Data Protection for Staff and Job Applicants

Upward Mobility (Upmo) is committed to protect the rights and freedoms of individuals with respect to the processing and retention of their personal data. Please refer to the organisation’s Data Protection Policy for more information on this.

What information will be collected?
Upmo may collect the following types of data from prospective or existing staff members:

  • Names

  • Addresses

  • Phone numbers

  • Email addresses

  • Date of birth

  • Emergency contact details

  • Banking details

  • National Insurance numbers

  • Rates of pay/salary

  • Sickness and absence details/occupational health information

  • Disciplinary information

  • Existing annual leave requests

  • Qualifications

  • Disclosure Scotland information

  • Photo (taken once in post, to be used on ID badge)

In addition, Upmo will process the following information as part of complying with Safer Recruitment Guidelines:

  • Driver’s license information

  • Work permit information

  • Passport details

  • Utility bills

  • Work history

  • References

  • Special category information such as gender, race, ethnicity, religion, health, sexual orientation and criminal convictions

How will Upmo collect the information?
Information will be collected in person from prospective staff members during completion of job application forms, Disclosure Scotland applications and from references submitted by previous employers.

Information collected can be in electronic form, or paper copy form. Upmo will store all electronic forms of data securely on Upmo’s internal server and encrypted network. Paper copies of all data will be kept securely in lockable filing cabinets in line with organisational and legislative procedures. More information on how Upmo stores information, can be found in the organisation’s Data Protection Policy, as well as well as the Standard Operating Procedure for Confidentiality and Open-Access.
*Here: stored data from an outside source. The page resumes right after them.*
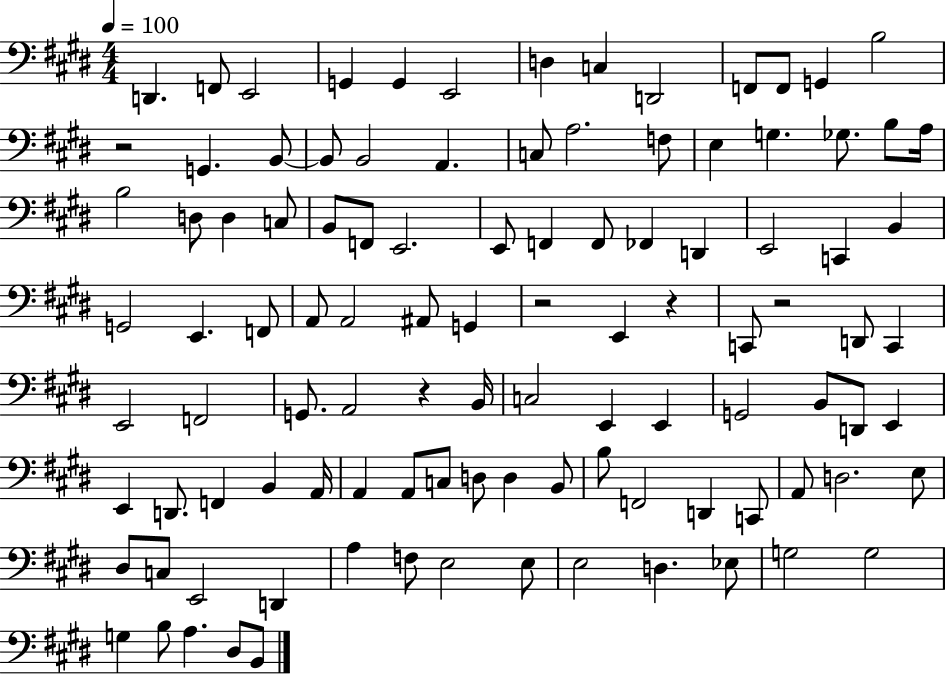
X:1
T:Untitled
M:4/4
L:1/4
K:E
D,, F,,/2 E,,2 G,, G,, E,,2 D, C, D,,2 F,,/2 F,,/2 G,, B,2 z2 G,, B,,/2 B,,/2 B,,2 A,, C,/2 A,2 F,/2 E, G, _G,/2 B,/2 A,/4 B,2 D,/2 D, C,/2 B,,/2 F,,/2 E,,2 E,,/2 F,, F,,/2 _F,, D,, E,,2 C,, B,, G,,2 E,, F,,/2 A,,/2 A,,2 ^A,,/2 G,, z2 E,, z C,,/2 z2 D,,/2 C,, E,,2 F,,2 G,,/2 A,,2 z B,,/4 C,2 E,, E,, G,,2 B,,/2 D,,/2 E,, E,, D,,/2 F,, B,, A,,/4 A,, A,,/2 C,/2 D,/2 D, B,,/2 B,/2 F,,2 D,, C,,/2 A,,/2 D,2 E,/2 ^D,/2 C,/2 E,,2 D,, A, F,/2 E,2 E,/2 E,2 D, _E,/2 G,2 G,2 G, B,/2 A, ^D,/2 B,,/2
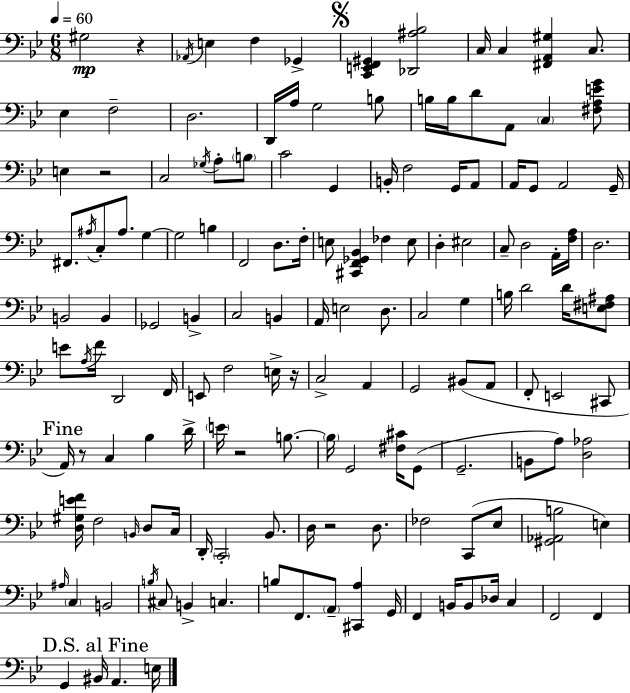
{
  \clef bass
  \numericTimeSignature
  \time 6/8
  \key g \minor
  \tempo 4 = 60
  \repeat volta 2 { gis2\mp r4 | \acciaccatura { aes,16 } e4 f4 ges,4-> | \mark \markup { \musicglyph "scripts.segno" } <c, e, f, gis,>4 <des, ais bes>2 | c16 c4 <fis, a, gis>4 c8. | \break ees4 f2-- | d2. | d,16 a16 g2 b8 | b16 b16 d'8 a,8 \parenthesize c4 <fis a e' g'>8 | \break e4 r2 | c2 \acciaccatura { ges16 } a8-. | \parenthesize b8 c'2 g,4 | b,16-. f2 g,16 | \break a,8 a,16 g,8 a,2 | g,16-- fis,8. \acciaccatura { ais16 } c8-. ais8. g4~~ | g2 b4 | f,2 d8. | \break f16-. e8 <cis, f, ges, bes,>4 fes4 | e8 d4-. eis2 | c8-- d2 | a,16-. <f a>16 d2. | \break b,2 b,4 | ges,2 b,4-> | c2 b,4 | a,16 e2 | \break d8. c2 g4 | b16 d'2 | d'16 <e fis ais>8 e'8 \acciaccatura { a16 } f'16 d,2 | f,16 e,8 f2 | \break e16-> r16 c2-> | a,4 g,2 | bis,8( a,8 f,8-. e,2 | cis,8 \mark "Fine" a,16) r8 c4 bes4 | \break d'16-> \parenthesize e'16 r2 | b8.~~ \parenthesize b16 g,2 | <fis cis'>16 g,8( g,2.-- | b,8 a8) <d aes>2 | \break <d gis e' f'>16 f2 | \grace { b,16 } d8 c16 d,16-. \parenthesize c,2-. | bes,8. d16 r2 | d8. fes2 | \break c,8( ees8 <gis, aes, b>2 | e4) \grace { ais16 } \parenthesize c4 b,2 | \acciaccatura { b16 } cis8 b,4-> | c4. b8 f,8. | \break \parenthesize a,8-- <cis, a>4 g,16 f,4 b,16 | b,8 des16 c4 f,2 | f,4 \mark "D.S. al Fine" g,4 bis,16 | a,4. e16 } \bar "|."
}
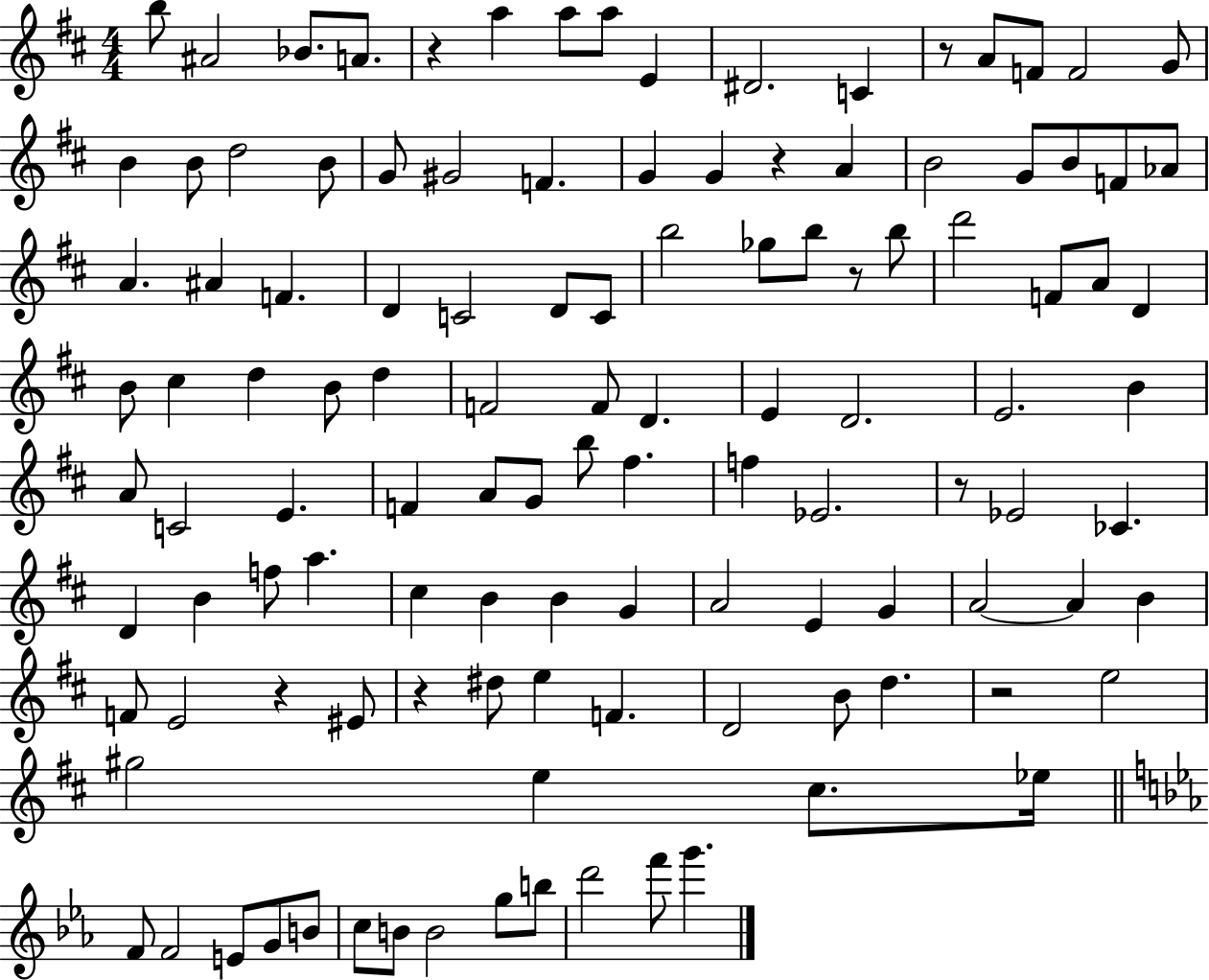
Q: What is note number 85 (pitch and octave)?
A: EIS4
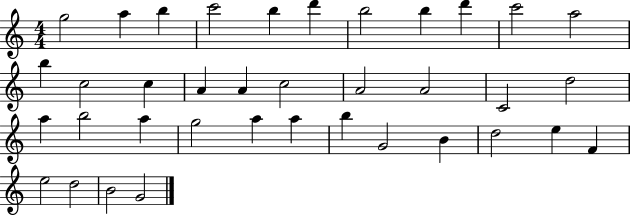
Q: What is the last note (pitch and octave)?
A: G4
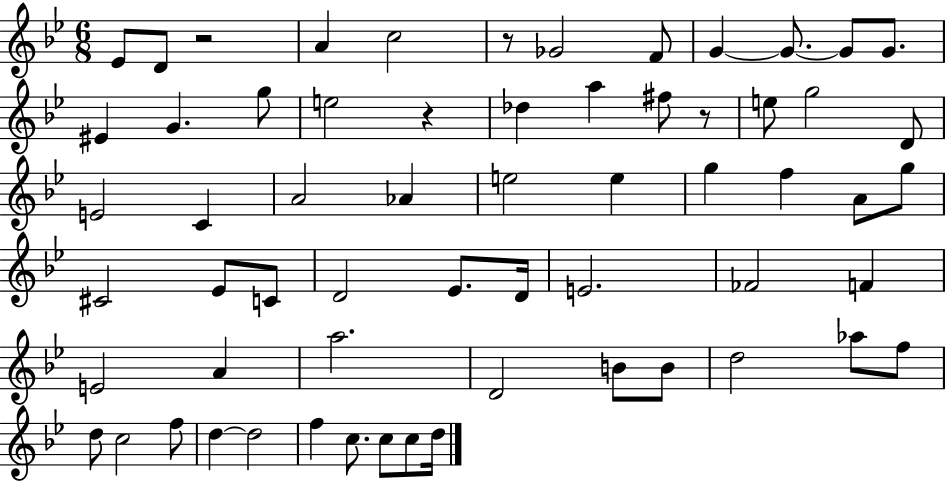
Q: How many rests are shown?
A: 4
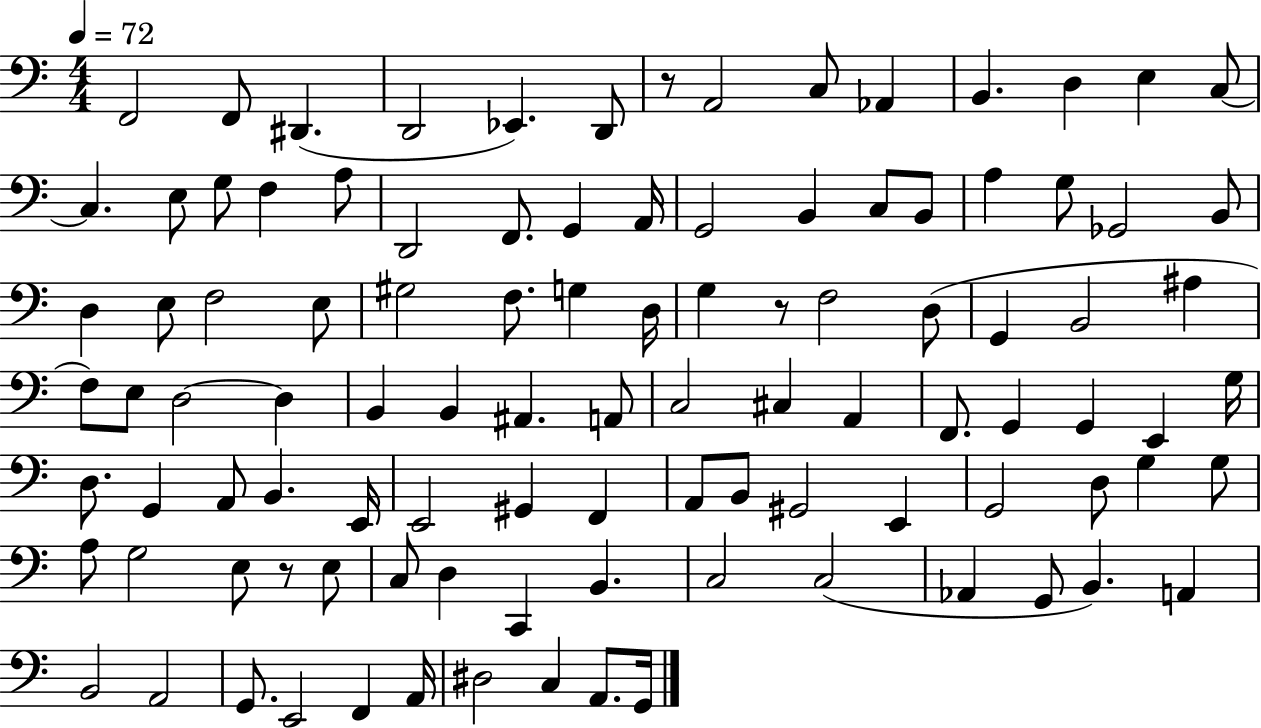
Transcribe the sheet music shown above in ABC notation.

X:1
T:Untitled
M:4/4
L:1/4
K:C
F,,2 F,,/2 ^D,, D,,2 _E,, D,,/2 z/2 A,,2 C,/2 _A,, B,, D, E, C,/2 C, E,/2 G,/2 F, A,/2 D,,2 F,,/2 G,, A,,/4 G,,2 B,, C,/2 B,,/2 A, G,/2 _G,,2 B,,/2 D, E,/2 F,2 E,/2 ^G,2 F,/2 G, D,/4 G, z/2 F,2 D,/2 G,, B,,2 ^A, F,/2 E,/2 D,2 D, B,, B,, ^A,, A,,/2 C,2 ^C, A,, F,,/2 G,, G,, E,, G,/4 D,/2 G,, A,,/2 B,, E,,/4 E,,2 ^G,, F,, A,,/2 B,,/2 ^G,,2 E,, G,,2 D,/2 G, G,/2 A,/2 G,2 E,/2 z/2 E,/2 C,/2 D, C,, B,, C,2 C,2 _A,, G,,/2 B,, A,, B,,2 A,,2 G,,/2 E,,2 F,, A,,/4 ^D,2 C, A,,/2 G,,/4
Who will the information be shared with?
Upmo is legally required/may be required to share personal information with a number of third parties:

  • Scottish Social Services Council (SSSC)

  • Care Inspectorate

  • Disclosure Scotland

  • Police Scotland (upon request)

  • HMRC

  • Now Pensions

  • Chiene and Tate (external auditors)

  • Peopleplanner (Care Management Software program)

  • Xero (the business and accounting software used for invoicing)

  • Academia (the information technology company managing the Upmo server)

How does Upmo ensure and maintain confidentiality of records?
Upmo adheres to the Data Protection Act 1998 and the General Data Protection Regulation 2018 with regards to ensuring and maintaining confidentiality of all records. Upmo also has a robust Data Protection Policy, as well as the Standard Operating Procedure for Confidentiality and Open Access governing organisational practice.

All information kept by Upmo is accessed only by those who are required to manage the information, and awareness of data protection is raised through various means such as training, visual aids, etc. Upmo will not keep information for longer than needed, and all information is kept in line with its Data Retention Schedule.

Rights regarding how data is used
Under the General Data Protection Regulation 2018, all individuals have certain rights with regards to how their data is used.

  • Right to erasure

  • Right to object

Detailed information on these rights can be found in Upmo’s Data Protection Policy and Upmo’s Privacy Policy.